__Task to carry out__
Within the records that follow, restate exactly the lines from the line with "Gridlee box art" down to the line with "Martial Peak Chapter", including both. Omit the pictures.

__Supplied entries__
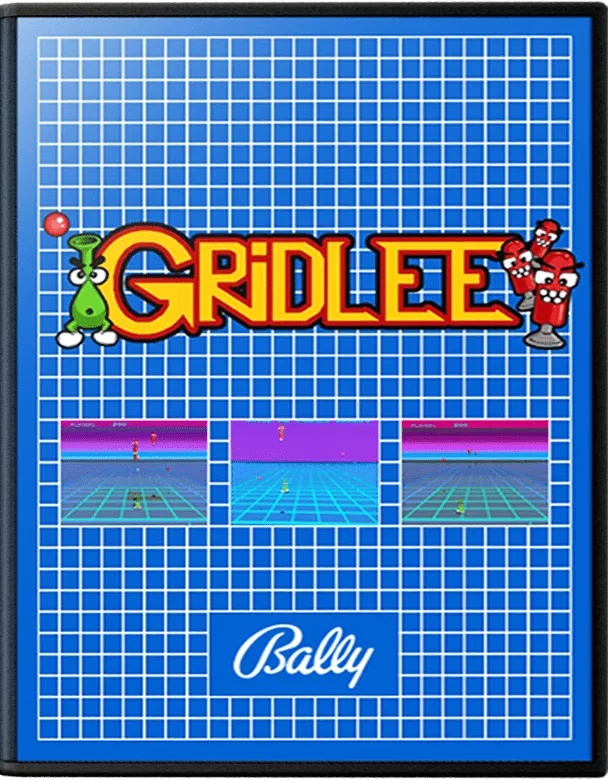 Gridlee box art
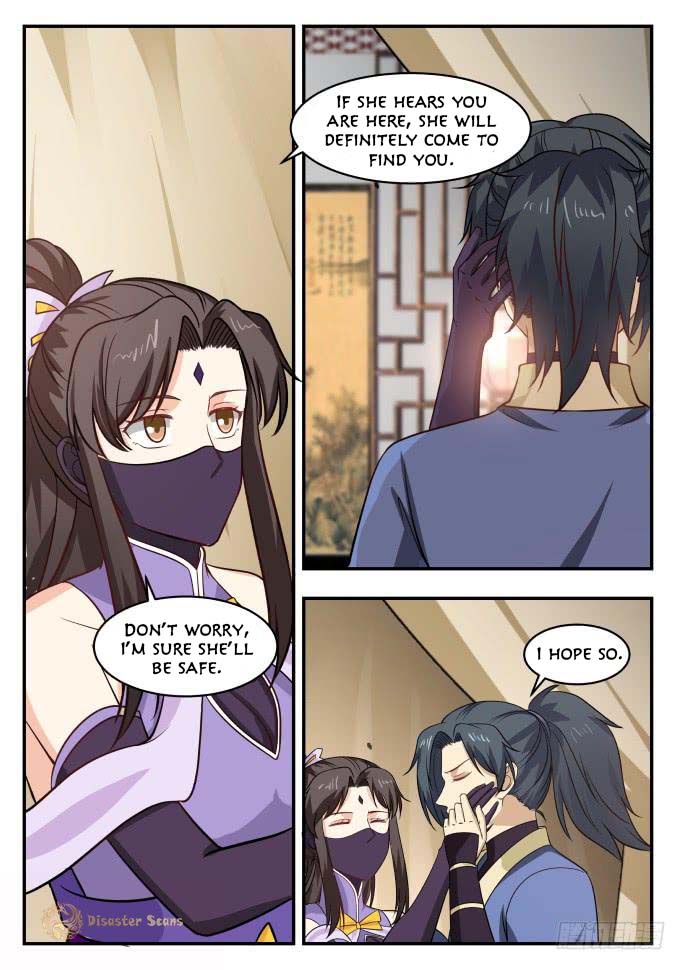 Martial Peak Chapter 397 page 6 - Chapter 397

* * *

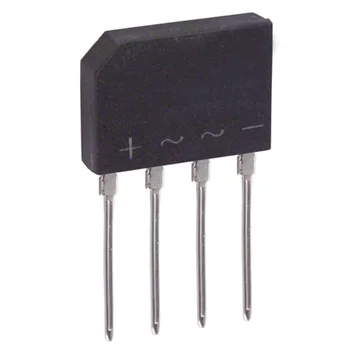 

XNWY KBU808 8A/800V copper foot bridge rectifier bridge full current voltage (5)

__Response to this exercise__
 Gridlee box art
 Martial Peak Chapter 397 page 6 - Chapter 397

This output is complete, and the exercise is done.